Modern democracies with a high GDP and high per capita income tend to be either multicultural and multiracial as post-colonial hosts of assisted migration or to have experienced a significant influx of asylum seekers. Japan is something of an outlier. The country has a small indigenous community, a more significant and longstanding Korean minority community and a small Brazilian community tied to migration in the first half of the 20th century and the return of ‘Japanese Brazilians from the 1980s. But until relatively recently, Japan has received only small numbers of asylum claims, very few of which have been successful, partly because the process takes so long. There have been two or three films that have attempted to foreground this situation as a social issue. I haven’t seen them but I was very pleased to catch this new film at the Leeds International Film Festival.
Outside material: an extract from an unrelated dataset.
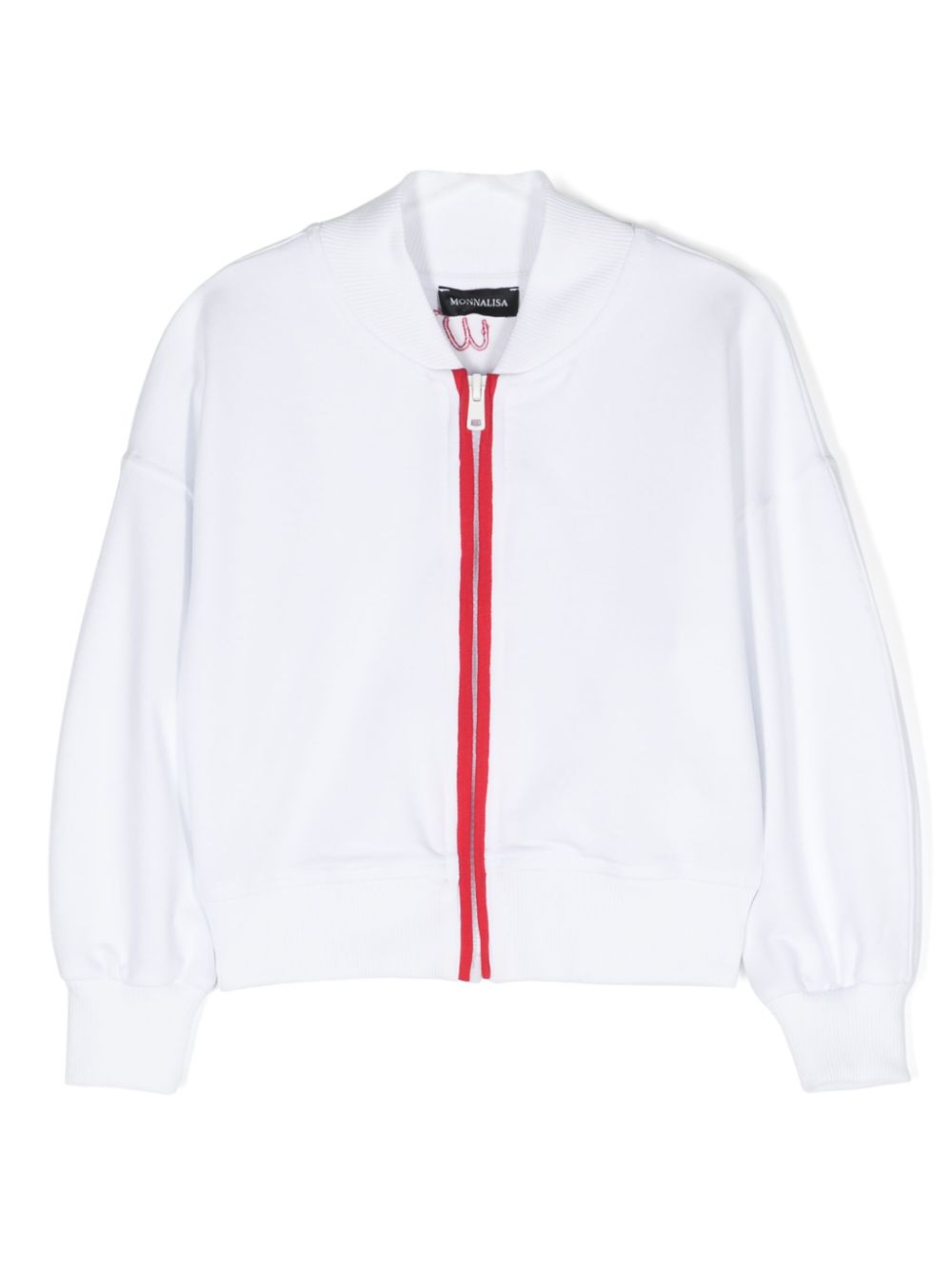 Logo-print sequinned bomber jacket - White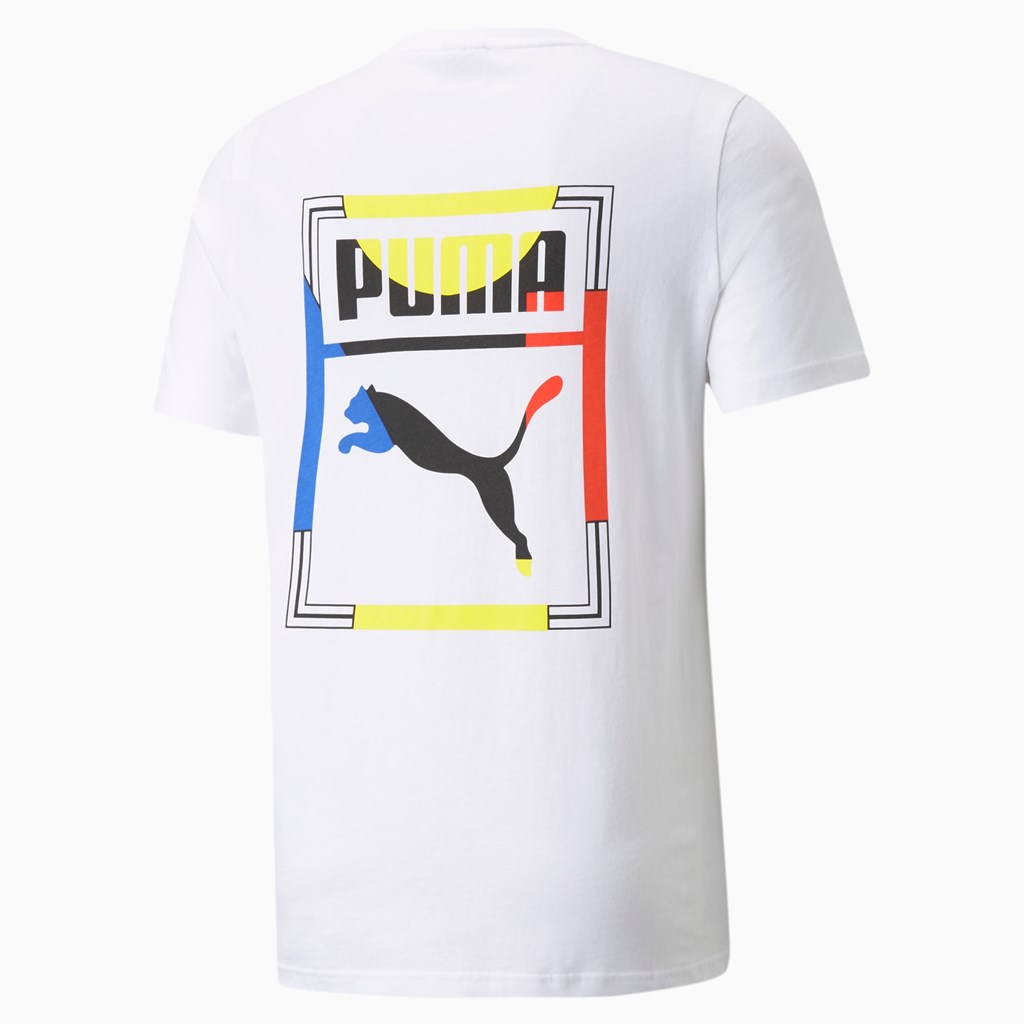 Puma Graphic Box Logo Play Løbe T-shirt Herre Hvide | 761952RVT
My Small Land is a more complex and layered title than might be first apparent. It is the story of a Kurdish family of asylum seekers in Japan and focuses on a 17 year-old girl Sarya, who was born in Turkey but then raised and educated from the age of 5 in Japan alongside her younger sister and brother, the latter still a relatively young boy. Sarya’s mother died at some point in this period. Her father, whose flight from Turkey where he had been tortured as a ‘political activist’– as defined by the Turkish authorities – is the reason for the asylum request. The film narrative begins with a wedding celebration in the Kurdish community (there are around 2,000 Kurds in Japan). Sarya is upset when one of the older women suggests she will be the next to be married and a young man who works with Sarya’s father is seen as a potential husband.
But Sarya has other plans. She is a bright and intelligent girl who had been inspired by the first Japanese teacher she had in primary school and now hopes to be a primary school teacher herself – and to enjoy the life of a young Japanese woman. She was bullied as a gaijin (foreigner or ‘outsider’) but now she speaks Japanese fluently to the extent that she helps others in the Kurdish community in their dealings with the state and other Japanese bureaucracies. As well as her schoolwork and her translation help she works after school in a mini-market. Later we will see that her work and that of her father in a construction company with other Kurds is illegal under asylum regulations. They have survived twelve years in Japan but have still not been granted asylum. The narrative does not present any overt racism or antagonistic behaviour towards the Kurdish community, but because many Japanese people are both ‘conservative’ and ‘collectivist’ (a contradiction for many in the UK), they are unwilling to become involved in any form of ‘illegality’. When Sarya starts a tentative relationship with Sota, the nephew of the owner of the mini-market, we fear what might happen when we realise that her work is illegal too.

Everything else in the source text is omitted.